## Data to use
----------

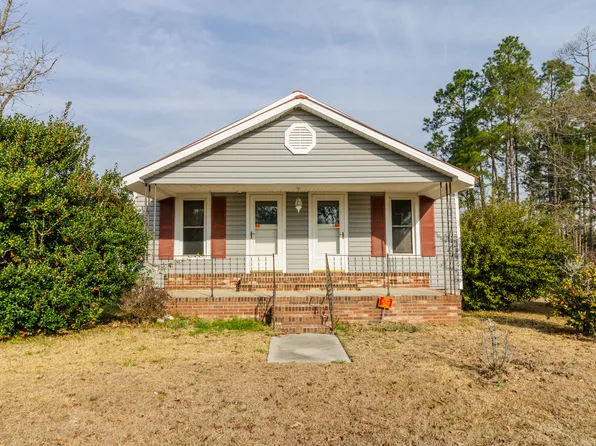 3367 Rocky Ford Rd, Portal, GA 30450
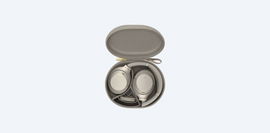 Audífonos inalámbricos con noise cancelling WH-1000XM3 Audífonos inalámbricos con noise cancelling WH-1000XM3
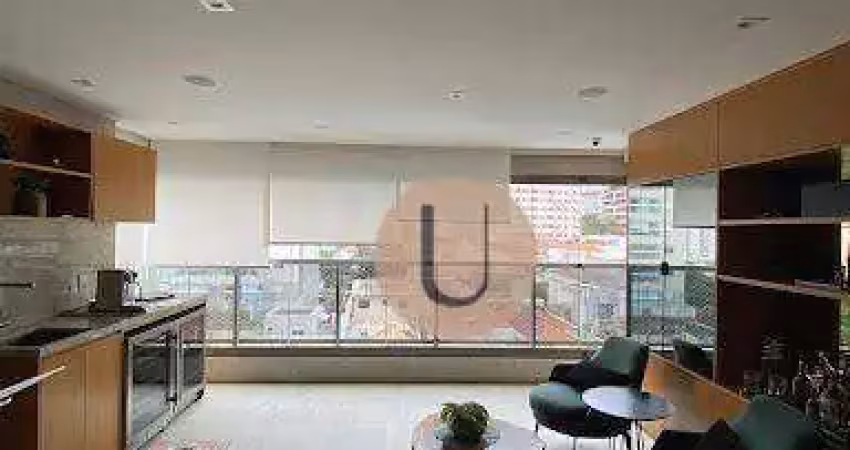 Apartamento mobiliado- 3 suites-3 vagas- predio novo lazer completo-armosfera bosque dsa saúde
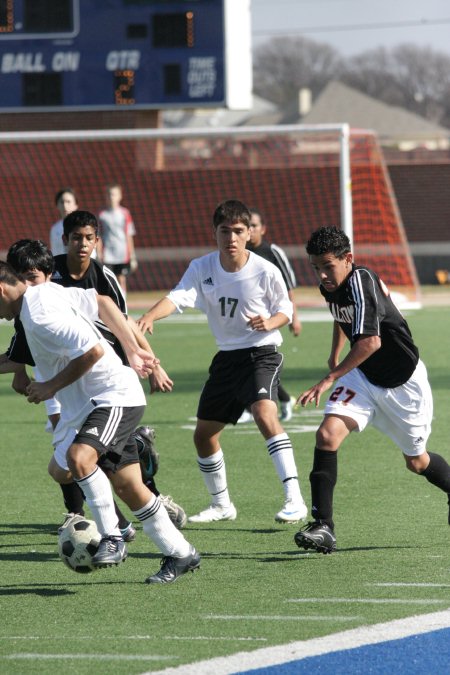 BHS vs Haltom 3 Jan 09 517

----------

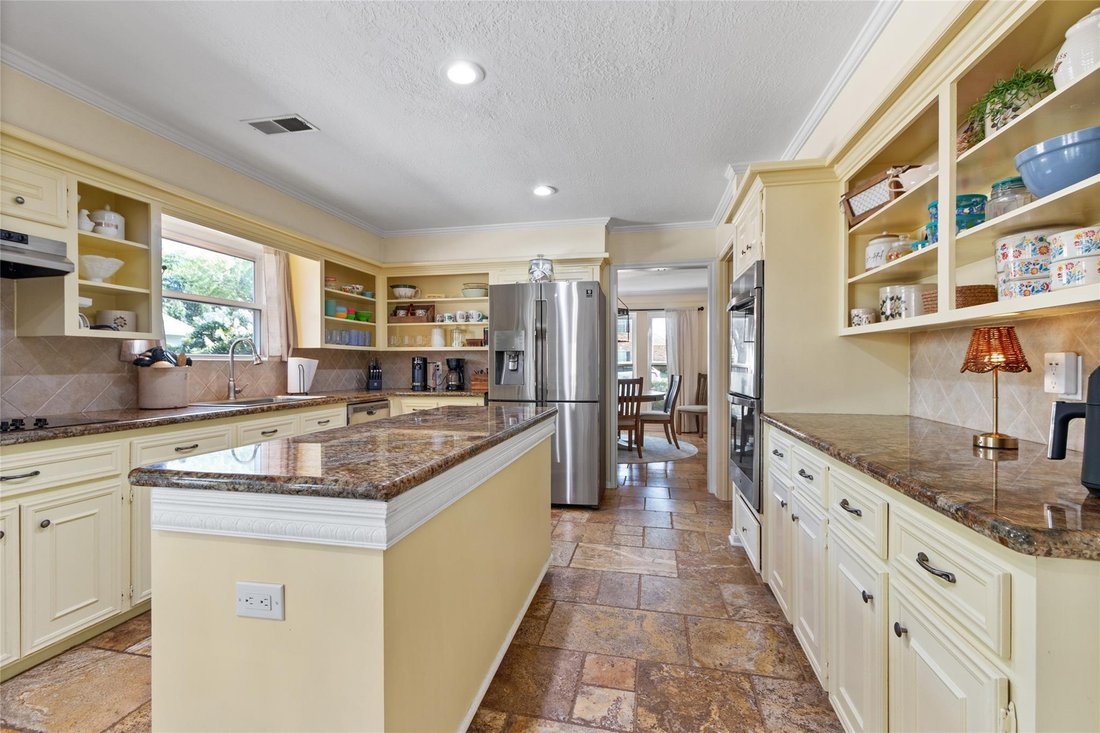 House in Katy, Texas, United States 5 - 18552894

----------

## What you should do
Every line above between the one containing "Audífonos inalámbricos con noise cancelling WH-1000XM3 Audífonos" and the one containing "BHS vs Haltom 3 Jan 09 517", those two included, is to be printed exactly. No pictures go into the copy.

## Problem solution
 Audífonos inalámbricos con noise cancelling WH-1000XM3 Audífonos inalámbricos con noise cancelling WH-1000XM3
 Apartamento mobiliado- 3 suites-3 vagas- predio novo lazer completo-armosfera bosque dsa saúde
 BHS vs Haltom 3 Jan 09 517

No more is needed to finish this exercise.